Review
07.08.2013

Poviedka 2003

(Short Story 2003)
Short Story 2003

Levice, Koloman Kertész Bagala,

L.C.A. Publishers Group 2003

The award-winning short stories of the seventh annual short-story competition Poviedka are a rich mixture of ministories or reflections. The good news is the decreasing number of entrants submitting stories of big words saying little in sophisticated, yet totally incomprehensible arrangements.

            In the opener, entitled Jativ amod by Daša Čejková, the main character, tired of urban life and the impossibility of helping others, seeks refuge in rural environment. There she collects new experience, only to see that the new environment is even less suited to her needs, yet she remains there, unwilling to abandon her now steady companions of fear and anxiety. The author seems all too worried about making her point, thus engaging in excessive and avoidable descriptions. Also, the central motive of lacking understanding is presented too straightforwardly, although, overall, her idea of seeking refuge as a shelter from deluding reality is an interesting one. Lubo Dobrovoda in his Muchotrávka (Toadstool) connects a variety of childhood recollections, using the child’s point of view of short sentences and intertwining time levels associated with merely external perceptions. In a similar vein, Katarína  Schmidtová in her Rudbekia srstnatá goes deeper in capturing a child’s efforts to win motherly love at any cost. Tomáš Hasala in his Návrat strateného syna (The Return of a Lost Son) stands out through his peculiar formal ways – a good half of the text is made of footnotes, with the author complementing the actual text. In fact, this proves to be quite helpful in highlighting the basic conflict between our perceptions and the unperceived. Tibor Havlík’s Futbalista (The Football Player) reads more like a story puzzle than an actual story, with all details hovering atound the football fan Otto; the story is rather chiseled, self-aware of the fictional process at work and supported by repeated use of the conditional and reiterating the mother motive.

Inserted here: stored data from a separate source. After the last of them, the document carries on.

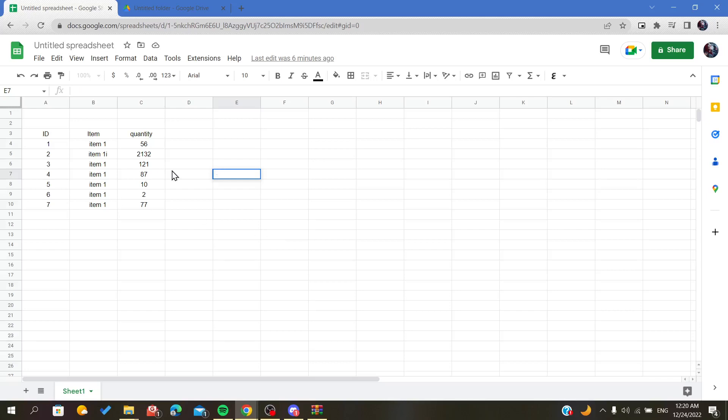Hello everybody. In today's video, I will show you how to track the changes on your spreadsheet or the changes that occur on your spreadsheets on Google Sheets.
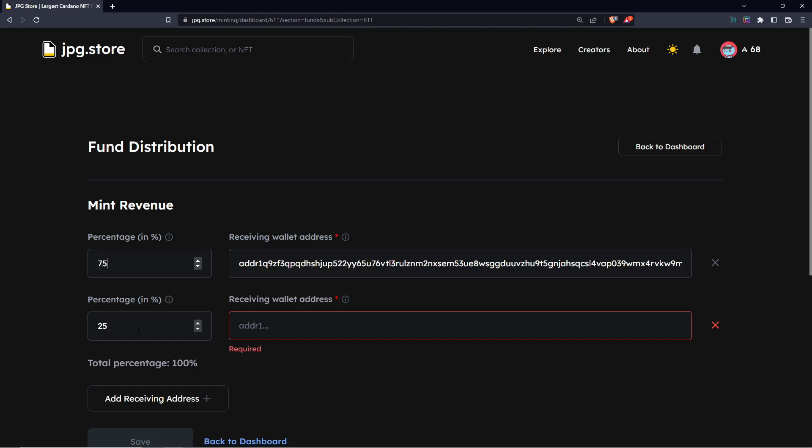Let's say we want to give someone for doing the artwork 25% or even 40% of the mint revenue. We then need to put our share to the equivalent to reach 100% and put our artist address in this slot here.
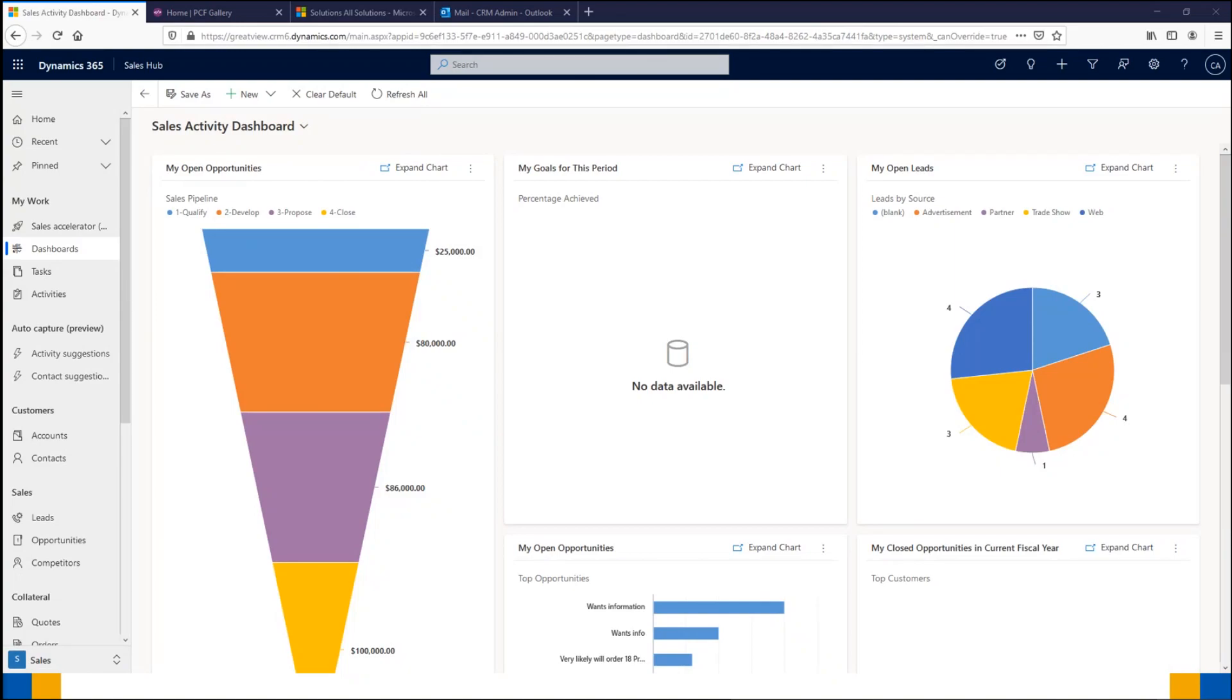Good morning and welcome to the January Total CRM Bite session. Today's session is going to be around the PCF Gallery, which provides a whole range of controls that can help improve your CRM with updated visuals and functionality.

            Peter Karpinský in his Keď pôjdem cez údolie (Walking Through The Valley) affords what seems to be a look into the hospital rooms, yet the overabundance of characters seems to have disallowed him going into more depth. Hence, poetical passages descriptive of the natural surroundings have more merit than his dialogues. A view from the outside and several human fates are afforded also by Silvester Lavrík’s Šólet, while the author tries to collect as much information as possible only to interrupt this information flow by a dialogue or a prophetic warning of something important happening. His seems to be the most dynamic contribution; its tragic end mitigated by the encounter of characters whose now dead children have given them one more chance of sustaining partnership. An opposite tendency is observed in the competition winner, Zmok (Household Demon) by Jozef Girovský. Here, the motive from popular folk tales and superstitions about a household demon is used to convey human aggression of an increasing intensity, while the malicious joy of seeing others suffer bluntly overpowers any flashes of sympathy. Ladislav Kravčík in his O človeku, ktorý sa vrátil (The Home Comer) fragments the main motive of a dead man returning by adding new stories of other characters. Their connections to the dead man are limited to their conversations about this mysterious creature with a single repetitive question. In contrast, the story entitled with a boy’s name, Slávko by Monika Kompaníková, is very much a “rural postcard“ – an uncomplicated rendition of life lived “in the middle of nowhere”, which, nonetheless, can charm a delicate and spoilt urban soul that has long forgotten about the simple things.

            Overall, even though some short stories, or rather parts thereof, are worth reading and the ideas behind the stories are very interesting, I cannot help feeling that the stringencies of composition are beyond the author’s powers. While fragmented story-telling and brewing wild mixtures might be intentional, the absence of intelligent humor, irony and self-irony, which was on the ’weak points list’ of the juror Daniela Kapitáňová, can hardly be justified as an intention.